_Description of the task_:
Return every record exactly. Omit nothing.

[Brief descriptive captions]

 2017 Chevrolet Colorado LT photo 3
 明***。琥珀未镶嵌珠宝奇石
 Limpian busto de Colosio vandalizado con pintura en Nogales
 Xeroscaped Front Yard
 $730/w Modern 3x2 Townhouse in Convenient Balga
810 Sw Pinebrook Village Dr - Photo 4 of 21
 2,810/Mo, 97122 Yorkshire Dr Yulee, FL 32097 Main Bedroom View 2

_Problem solution_:
 2017 Chevrolet Colorado LT photo 3
 明***。琥珀未镶嵌珠宝奇石
 Limpian busto de Colosio vandalizado con pintura en Nogales
 Xeroscaped Front Yard
 $730/w Modern 3x2 Townhouse in Convenient Balga
810 Sw Pinebrook Village Dr - Photo 4 of 21
 2,810/Mo, 97122 Yorkshire Dr Yulee, FL 32097 Main Bedroom View 2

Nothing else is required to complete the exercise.